I don’t want you to think this is a feminist rant. It’s really not. I’m not a feminist, in fact that couldn’t be further from the truth. This isn’t about political posturing or positive discrimination, it’s simply an observation.

Come with me on this, I’ll explain;

Business traditionally, for centuries, has been masculine. It’s generally male-dominated, particularly at a senior level. It’s about the sales, the profits, closing the deal, driving a hard bargain, winning over adversity, cutting out the competition, stealing market share, climbing over others right up the career ladder, working and playing harder than the next man.

But social media, well it’s different. It’s about sharing, nurturing, encouraging and supporting, connecting. There’s a warmth, a desire to help, a desire to give of yourself and share knowledge and experience for free.

It’s about rewarding loyalty and building a community around you as a person, as a business and as a brand.

Now before you start shouting at your screen or stop reading this blog, give me a minute to explain. I’ll be upfront and honest here: I have nothing concretely evidentiary to back this up. I have nothing more than my – feminine – instinct and experience, and an inherent curiosity to uncover the “why” (everything is so much more simple when you understand the “why”, don’t you think?)

But consider this; who are the males who do well on Twitter? For example, you’ve got the obvious ones, the Pete Cashmores, Chris Brogans and Trey Penningtons, the Ashton Kutchers, Stephen Frys and Perez Hiltons. But why are they so successful? What is they’ve got, what have they found, leveraged, branded as their own?

It is this; they are in touch with their feminine side. They get it. They have adapted to social media with narey a glance back at the traditional business models.  They connect, engage, chat and gossip, share what they know and how they know it, they give of themselves generously every day.

Even the egotistical Dragons – topically in the news this week for their money-grabbing approach to angel investment – have softened their approach to build their social media personas. Duncan Bannatyne (when he’s not trying to attract more followers with dream-filled hashtags) and Peter Jones are spending time on line talking about their families, sharing pix of their holidays, RTing SMEs and wannabe entrepreneurs and promoting charitable activities. Who would have thought?

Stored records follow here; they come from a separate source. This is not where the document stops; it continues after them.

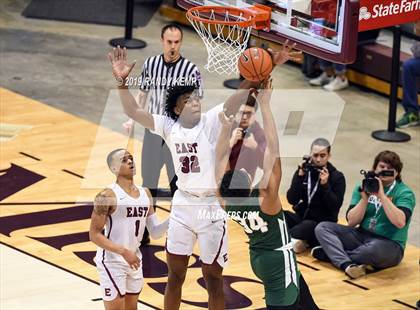 Thumbnail 2 in Memphis East vs Parkview  (Bass Pro Shop Tournament of Champions) photogallery.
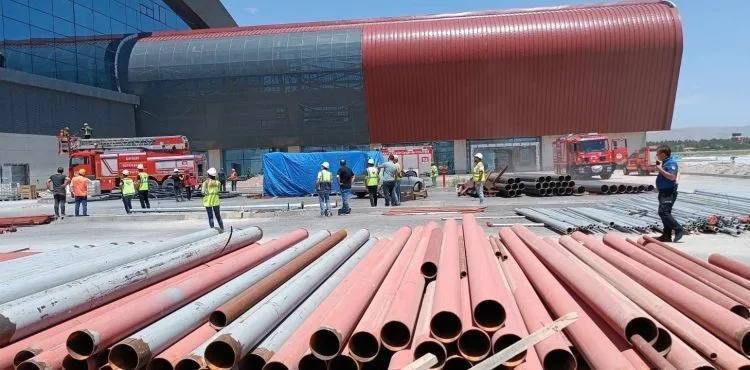 Kayseri Havalimanı’nda çıkan yangın söndürüldü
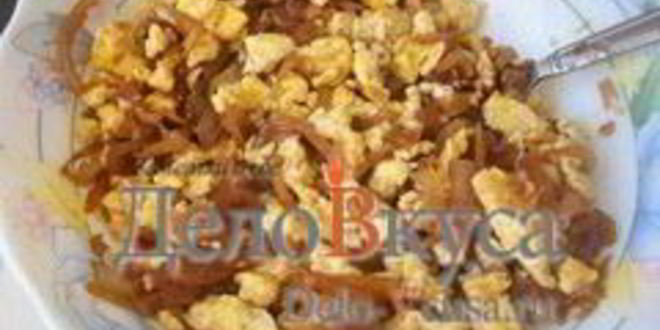 Рецепт омлет с жареным луком и соевым соусом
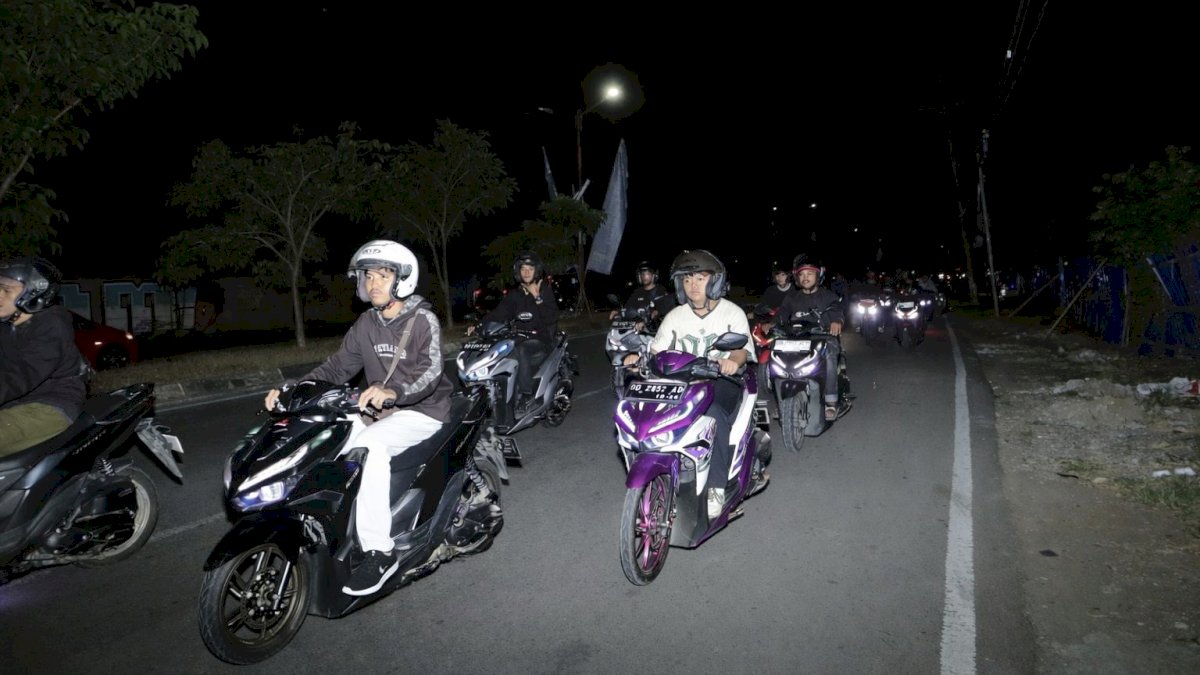 300 Bikers di Makassar Ramaikan Honda Jagoan Community Night Ride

Last week’s genius viral hoax was feminine led. Cleverly designed by men, it was approaching social media from a feminine angle – we all know a “Spencer”, the office tosser. And before we knew it was a hoax we cheered her on, the underdog, applauded her efforts to stick it to the man. We felt for her, wanted to support her, offer her a job with our companies (I know, I certainly did) and we RTd furiously in righteous indignation. And when it turned out to be a joke, we laughed, we didn’t take it seriously, we didn’t feel like fools, we respected the smart marketing effort and talked about its success.

The generosity of spirit across the social media spectrum is truly overwhelming (I for one am surprised and thrilled daily) and your success – as a man or a woman – depends on your inherent ability to nurture.